The offices known to the Quaker body are: (1) that of _minister_ (the term "office" is not strictly applicable, see above as to "recording"); (2) of _elder_, whose duty it is "to encourage and help young ministers, and advise others as they, in the wisdom of God, see occasion"; (3) of _overseer_, to whom is especially entrusted that duty of Christian care for and interest in one another which Quakers recognize as obligatory in all the members of a church. In most Monthly Meetings the care of the poor is committed to the overseers. These officers hold, from time to time, meetings separate from the general assemblies of the members, but the special organization for many years known as the Meeting of Ministers and Elders, reconstituted in 1876 as the Meeting on Ministry and Oversight, came to an end in 1906-1907.
This present form both of organization and of discipline has been reached only by a process of development. As early as 1652-1654 there is evidence of some slight organization for dealing with marriages, poor relief, "disorderly walkers," matters of arbitration, &c. The Quarterly or "General" meetings of the different counties seem to have been the first unions of separate congregations. In 1666 Fox established Monthly Meetings; in 1727 elders were first appointed; in 1752 overseers were added; and in 1737 the right of children of Quakers to be considered as members was fully recognized. Concerning the 18th century in general, see above.

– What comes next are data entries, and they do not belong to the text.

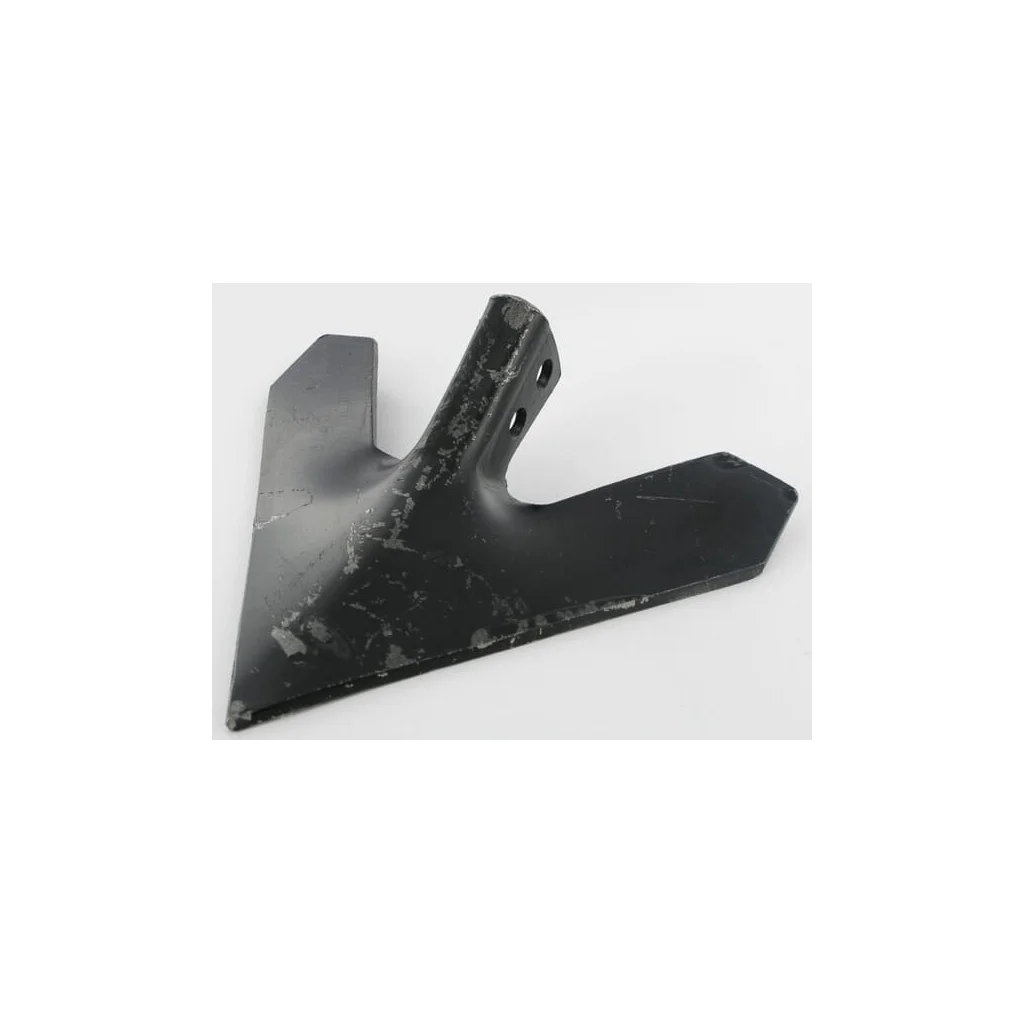 [AMAT2-259592] Brăzdar Schmotzer 160mm B160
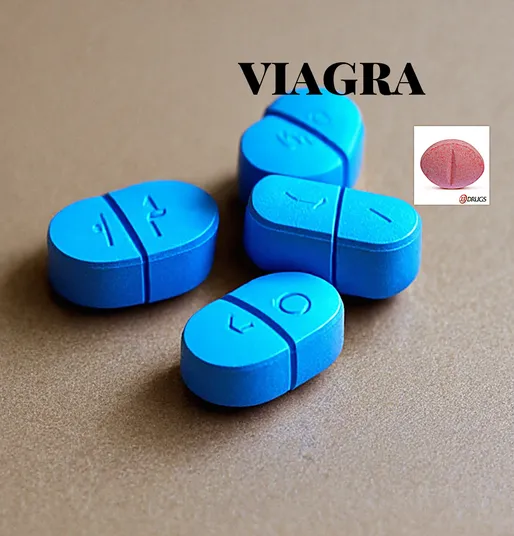 Quanto tempo dura o generico do viagra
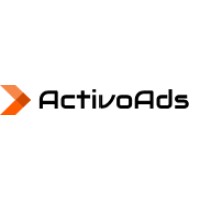 Activoads logo - Similar company to Adstolive Technologies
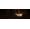 Blizzard Diablo III: Reaper of Souls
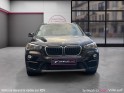 Bmw x1 f48 sdrive 18d 150 ch bva8 lounge, garantie 12 mois occasion simplicicar villejuif  simplicicar simplicibike france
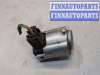 купить Датчик парктроника на Ford Mondeo 3 2000-2007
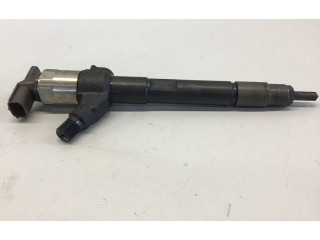 Форсунка 1465A323 Mitsubishi Outlander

Of late years the stringency of the Quaker discipline has been relaxed: the peculiarities of dress and language have been abandoned; marriage with a non-member or between two non-members is now possible at a Quaker meeting-house; and marriage elsewhere has ceased to involve exclusion from the body. Above all, many of its members have come to "the conviction, which is not new, but old, that the virtues which can be rewarded and the vices which can be punished by external discipline are not as a rule the virtues and the vices that make or mar the soul" (Hatch, _Bampton Lectures_, 81).
Philanthropic interests.
A genuine vein of philanthropy has always existed in the Quaker body. In nothing has this been more conspicuous than in the matter of slavery. George Fox and William Penn laboured to secure the religious teaching of slaves. As early as 1676 the assembly of Barbados passed "An Act to prevent the people called Quakers from bringing negroes to their meetings." On the attitude of Friends in America to slavery, see the section "Quakerism in America" (above). In 1783 the first petition to the House of Commons for the abolition of the slave trade and slavery went up from the Quakers; and in the long agitation which ensued the Society took a prominent part.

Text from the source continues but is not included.